== Segment start ==

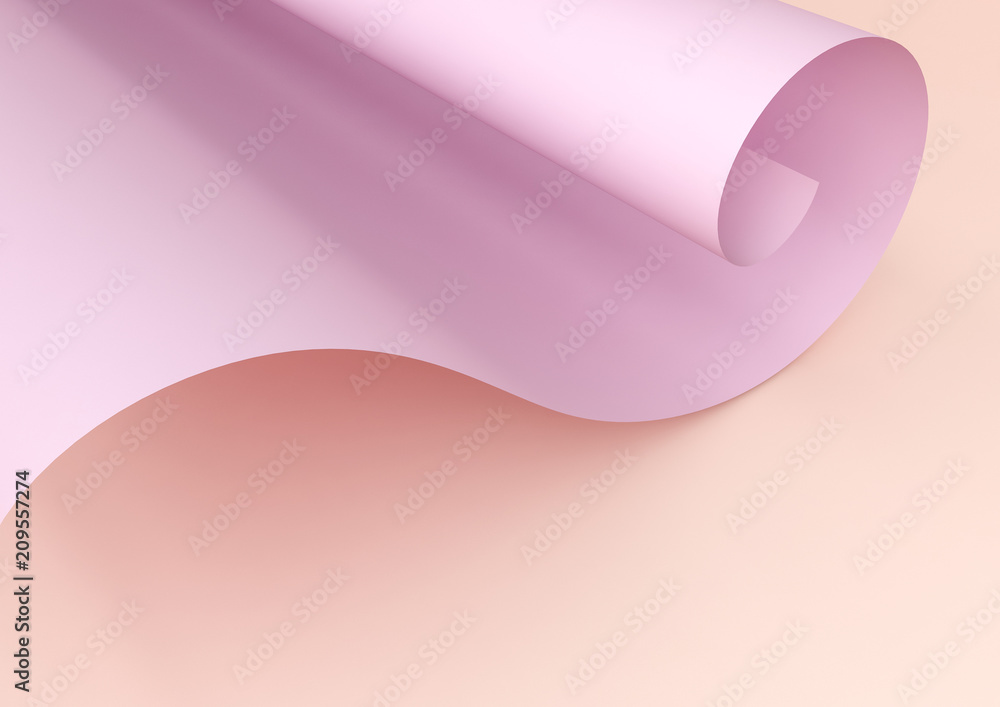 Poster 3d rendering of lilac waved paper isolated on beige background. part of twirled paper with empty spa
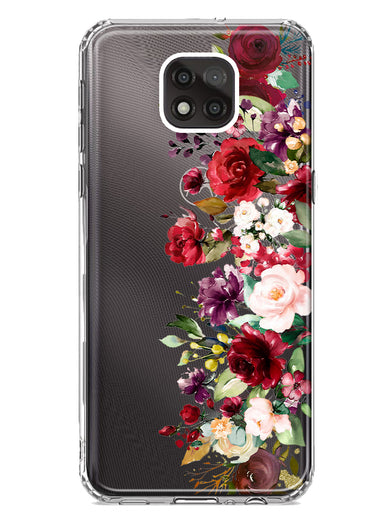 Motorola Moto G Power 2021 Red Summer Watercolor Floral Bouquets Ruby Flowers Hybrid Protective Phone Case Cover
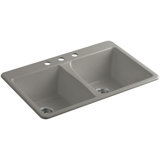 Deerfield 33" L x 22" W Double Basin Drop-In Kitchen Sink with Accessories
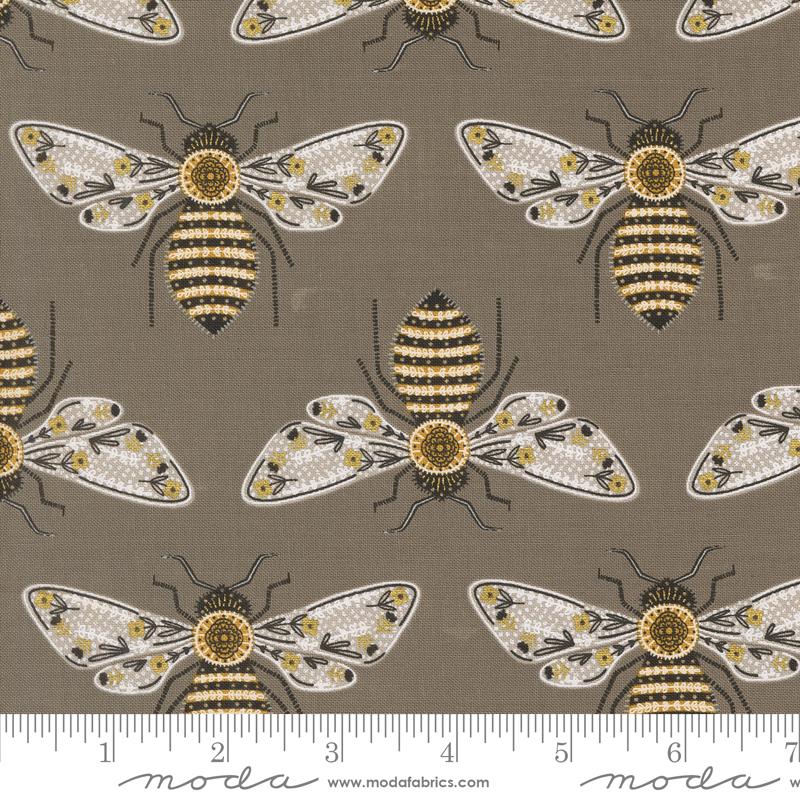 Moda Bee Garden Bumble Bee Metallic Slate Fabric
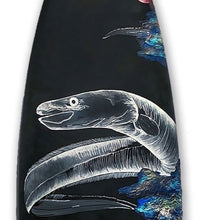 “Seven Seas of Savage N.o5”  by Samantha Nicoletti, Acrylic Mixed Media on Recycled Surfboard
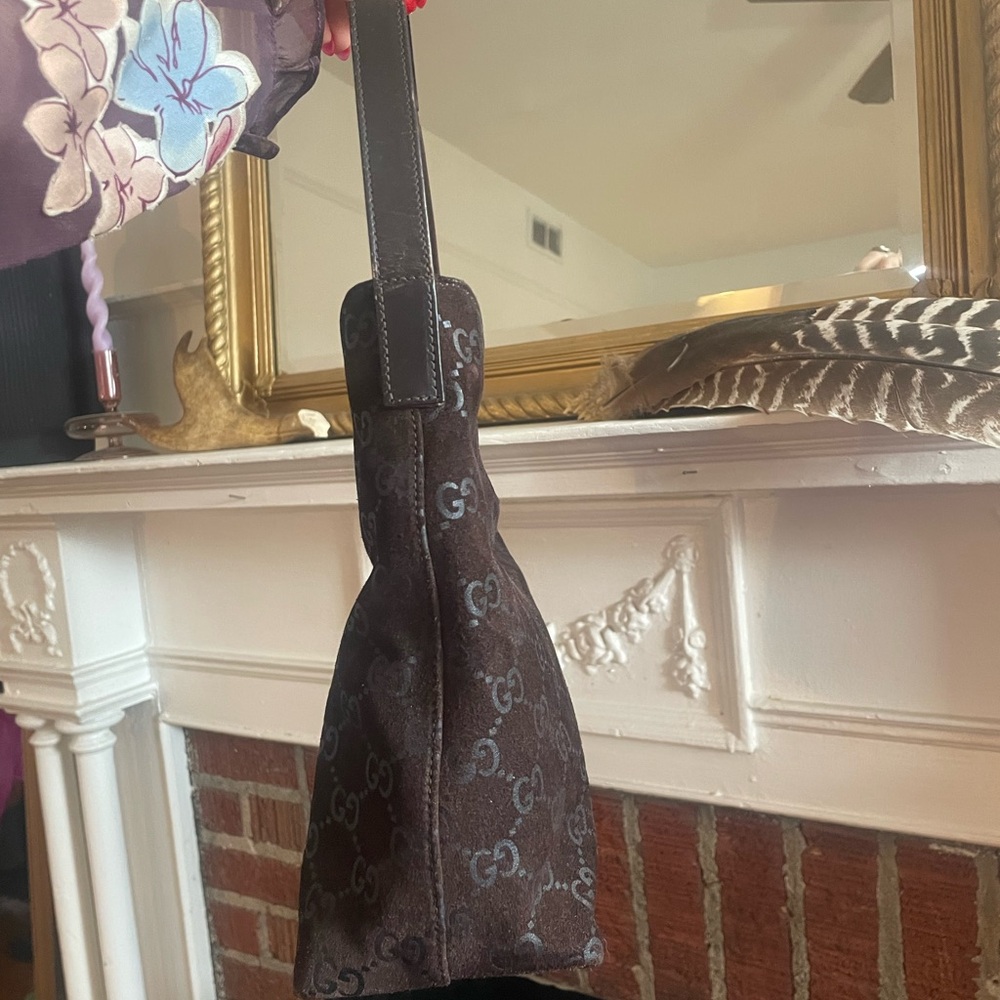 Gorgeous Vintage Y2K Tom Ford Era Velvet Gucci Brown Shoulder Mini Hobo Bag - Picture 2 of 10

== Segment end ==

(ACTIVITY): Your reply should consist solely of the lines above, from the opening line through the line with "Motorola Moto G", reproduced exactly and without pictures.

(EXPECTED OUTPUT):
 Poster 3d rendering of lilac waved paper isolated on beige background. part of twirled paper with empty spa
 Motorola Moto G Power 2021 Red Summer Watercolor Floral Bouquets Ruby Flowers Hybrid Protective Phone Case Cover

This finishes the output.